HBO has played a hugely important role in Central and Eastern Europe’s TV industry since the 1990s and will do so for the foreseeable future.
Which is why it is important to keep some perspective on two news stories that broke earlier this week. The first, in the Financial Times and strongly denied by the WarnerMedia CEO John Stankley, was that AT&T is looking into the possibility of selling HBO Europe in order to reduce its debts. The second was that Michal Kozicki, the CEO of HBO Polska, has resigned and will leave the company at the end of this month.
HBO is never far from the news – and invariably in a positive light – in Central and Eastern Europe. Earlier this month, for instance, we learned that it had reached an agreement with the leading operators in the Czech Republic, including O2, Skylink and UPC, allowing them to offer HBO 3 free of charge for a limited period.

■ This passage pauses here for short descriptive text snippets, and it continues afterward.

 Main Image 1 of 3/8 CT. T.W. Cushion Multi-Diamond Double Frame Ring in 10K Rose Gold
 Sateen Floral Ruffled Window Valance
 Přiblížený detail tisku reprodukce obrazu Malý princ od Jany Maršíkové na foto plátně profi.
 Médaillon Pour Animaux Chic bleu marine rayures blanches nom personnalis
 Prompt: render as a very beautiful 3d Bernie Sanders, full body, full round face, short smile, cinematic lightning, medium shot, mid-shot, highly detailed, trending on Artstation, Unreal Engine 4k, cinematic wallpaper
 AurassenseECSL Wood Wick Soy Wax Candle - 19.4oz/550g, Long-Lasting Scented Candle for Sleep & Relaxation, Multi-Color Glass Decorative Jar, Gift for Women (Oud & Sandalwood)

Meanwhile in Q1 last year we saw HBO Go made available as a standalone service in Poland. This was very much the last piece in a jigsaw puzzle, with all HBO Europe subscribers in Europe, grouped under HBO España, HBO Nordic and HBO Go in 12 CEE countries then being offered a full HBO OTT service.
Last year was also a landmark year for HBO in the Baltics, where the service finally made its debut in Latvia (LMT and Lattelecom), Estonia and Lithuania (both Telia).
The popularity of HBO is certainly something that cannot be denied. As we reported earlier this year, Polish viewers even voted it the service they would most like to see offered on their ‘ideal’ DTT multiplex.
In what is an increasingly competitive European SVOD market in which Netflix and Amazon account for the lion’s share of revenues, HBO will almost certainly continue to hold its own.